Ainda hoje historiadores perguntam-se como um império de tão grande magnitude como o romano, que durou mais de 1000 anos, tenha se encerrado de forma quase abrupta. Poder absoluto da época, o planeta vivenciou então a sua primeira globalização, já que as fronteiras eram as do próprio império. O idioma Latim era amplamente difundido assim como o grego popular, tornando-se mais fácil as viagens e a comunicação. Após a queda deste império foi necessário um largo período de reencarnações dolorosas para que o homem despertasse um pouco mais a sua espiritualidade, permitindo a expansão das artes e ciências principalmente durante a “Renascença”. Pelo Espiritismo, entendemos que a queda do império romano foi uma determinação do alto. Ao se exceder nos níveis de violência e vícios de todas as naturezas, tornou-se necessário ações corretivas do alto. Não existe improvisação por parte das esferas siderais que coordenam a evolução dos planetas. O livre arbítrio que temos, é limitado, tanto a nível individual como coletivo, sendo corrigido conforme as circunstâncias, que ocorrem sempre em benefício de nossa evolução intelecto-moral.

Este acontecimento histórico na antiga Roma, chama a atenção pois vivenciamos uma situação bastante similar. O egoísmo atingiu o seu ápice na sociedade atual, com contrastes gritantes entre a fome e a miséria existentes nas nações mais pobres de um lado e a opulência das nações ricas. E, independente dos locais geográficos, mesmo entre indivíduos de uma mesma sociedade, predomina o egoísmo, agente causador da maioria dos males que nos assola. O modelo econômico, baseado no consumismo desenfreado, vem gradativamente demonstrando a sua exaustão. A insatisfação popular não se restringe mais apenas aos países do terceiro mundo, a exemplo do que ocorreu durante a “primavera árabe” que removeu os ditadores na Tunísia, no Egito, e na Líbia, e a guerra devastadora na Síria, que ainda se encontra sem solução. Esta frustração tem surgido mesmo nos habitantes das cidades europeias, ricas e intelectualizadas, mais recentemente na França (coletes amarelos). Este contraste na riqueza abusiva e a pobreza dos que não têm acesso aos bens de consumo, associado à corrupção, a impunidade, e incompetência dos governos em encontrar alternativas viáveis para a melhora social, vem criando uma insatisfação popular cada vez mais intensa principalmente pela falta de religiosidade de nossa humanidade. E, os prognósticos para os próximos anos revelam-se de dificuldades ainda maiores para as famílias em geral, em face da crise econômica mundial que vem afetando todos os países. No Brasil, o índice de desemprego, fruto das razões acima mencionados atinge mais de treze milhões de trabalhadores.
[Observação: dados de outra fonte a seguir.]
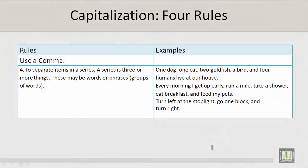You should also use a comma to separate items in a series. A series is three or more things. These may be words or phrases, which are groups of words. For example: one dog, one cat, two goldfish, a bird, and four humans live at our house.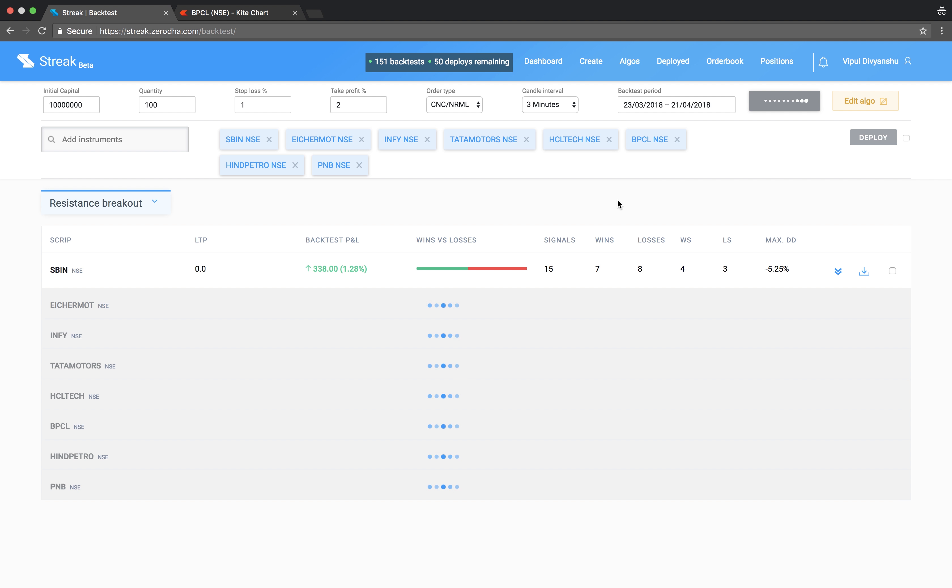The backtest results shows the performance of each script on this algo.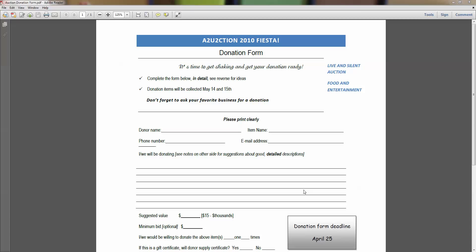Have you ever downloaded a form from the internet or received one by email? You were instructed to print the form, fill it out by hand, stick it in an envelope. Or if you're technically savvy, you might fill it out by hand, put it on your scanner, scan it into your computer, and then email. Either way, you've spent a lot more time than you needed to fill out this form.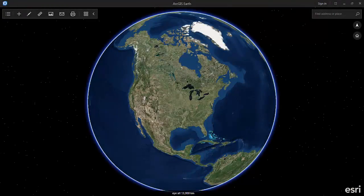Hi, this is Chris Andrews. I've been asked by a few people to give a quick overview of navigation in ArcGIS Earth.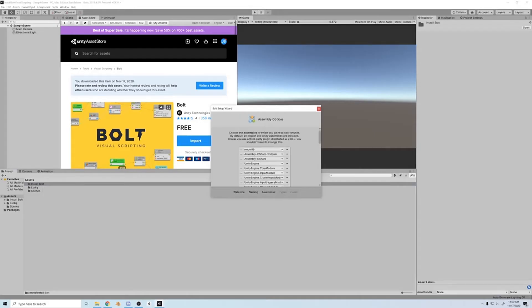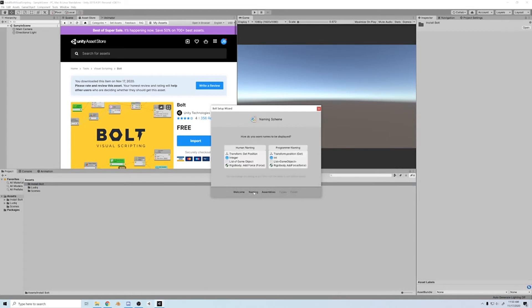Once it's done, you can leave most of the stuff at their defaults. It's going to ask you if you want human or programmer naming. For my Bolt tutorial, I'm going to use human naming because I feel like if you're new to coding, like many Bolt users, it'll just be easier to follow.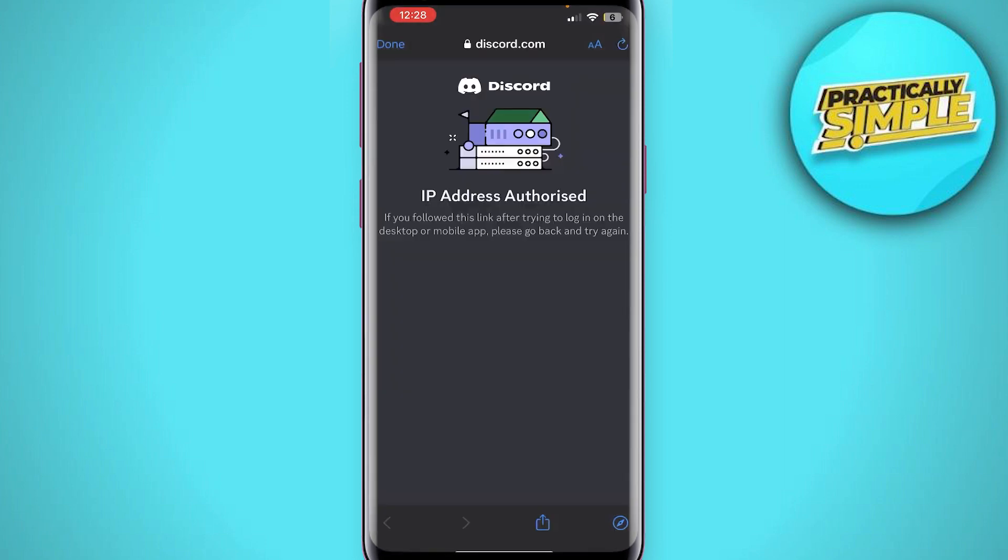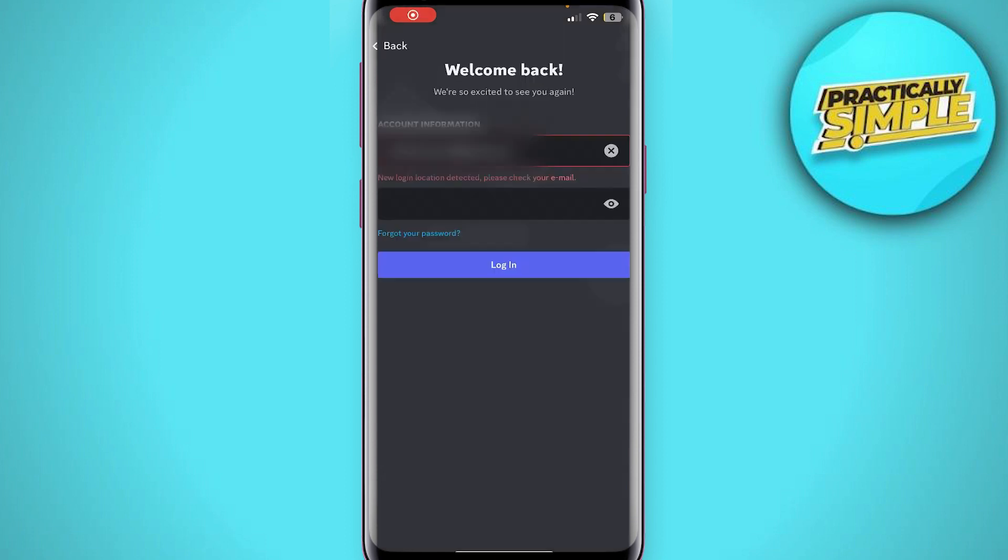And here it says IP address authorized. If you follow this link after trying to log in on the desktop or mobile app, please go back and try again. So now we can close that out and simply go back to Discord and I can hit login again.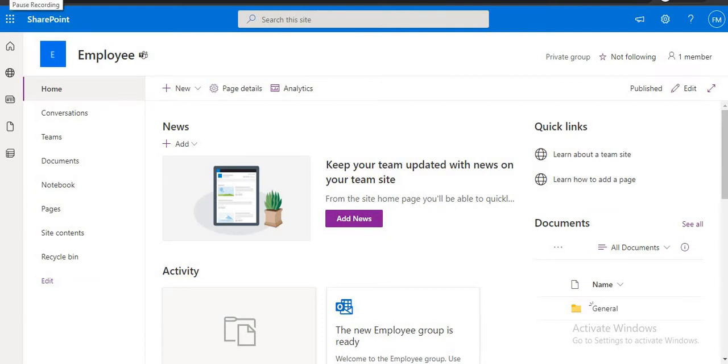Hi all, welcome to another video. In this video we are going to display SharePoint list item in a PowerApp.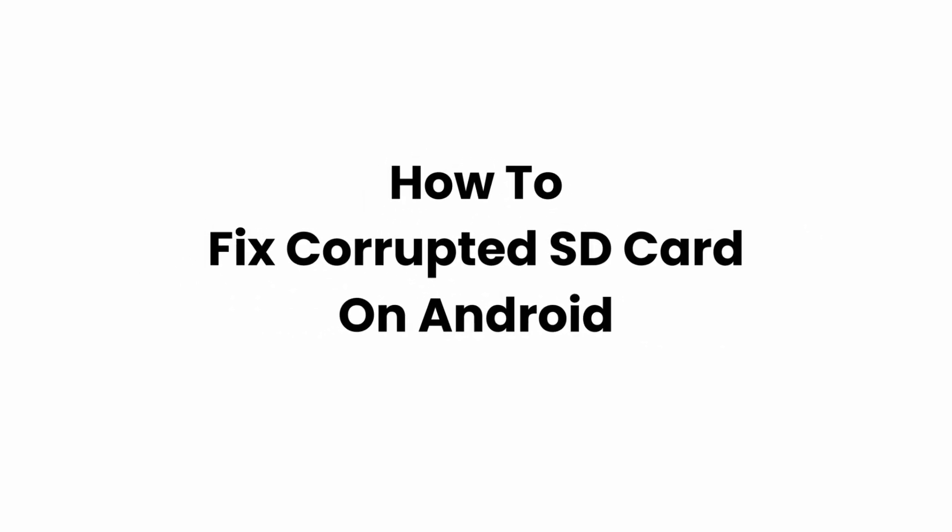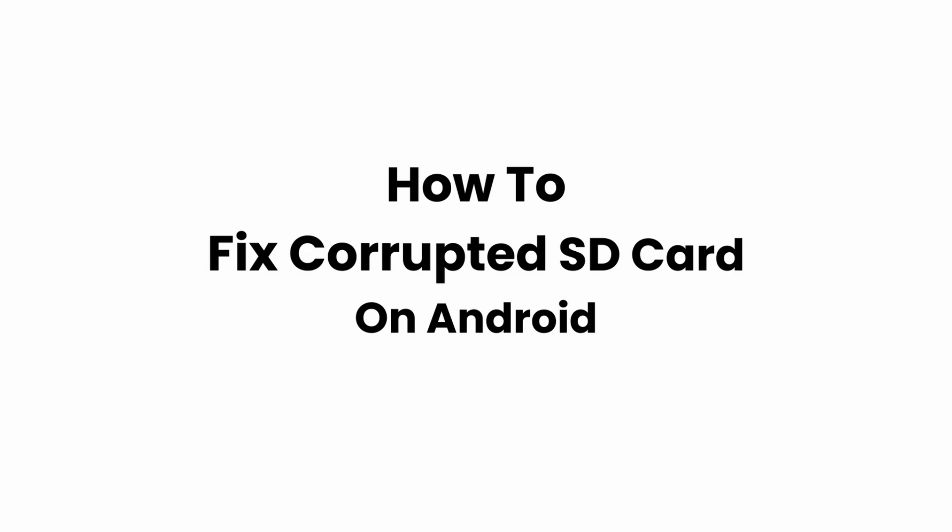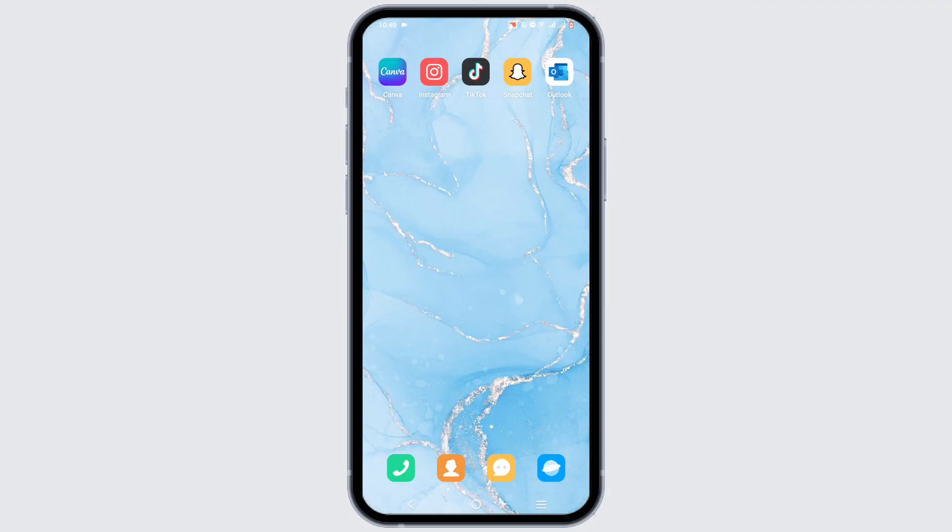How to fix a corrupted SD card on Android. Hey everyone, welcome or welcome back to the channel. Let's get right into this tutorial.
Mas a humanidade insiste nos equívocos. Mesmo recebendo emissários do alto, com inúmeras orientações espirituais permanece refratária a uma conduta mais fraterna e ética. Passaram-se dois mil anos desde a Boa Nova trazida por Jesus, mas isto não impediu a ocorrência de duas grandes guerras mundiais, iniciadas na Europa, e mesmo depois destes conflitos ainda não conseguimos encontrar a necessária paz e uma vida dentro dos padrões da moral Cristã. A violência, os vícios e a corrupção alastram-se como um câncer social, trazendo sérias consequências para a sociedade. Como um catalisador negativo, os valores morais são questionados através das muitas mensagens nocivas da televisão. Nunca foi tão necessário seguir a recomendação do Mestre Galileu: “Vigia  e orai”. Evoluímos muito no campo científico e intelectual, mas continuamos com o coração atrofiado. Como sempre tem ocorrido ao longo dos séculos, os governantes siderais sem improvisar, manterão o equilíbrio do planeta, saneando a sociedade sempre que necessário. Que possamos contribuir neste processo renovador, dando os primeiros passos, na transformação moral de nós mesmos, atenuando as próprias experiências de provas e expiações a que estamos submetidos.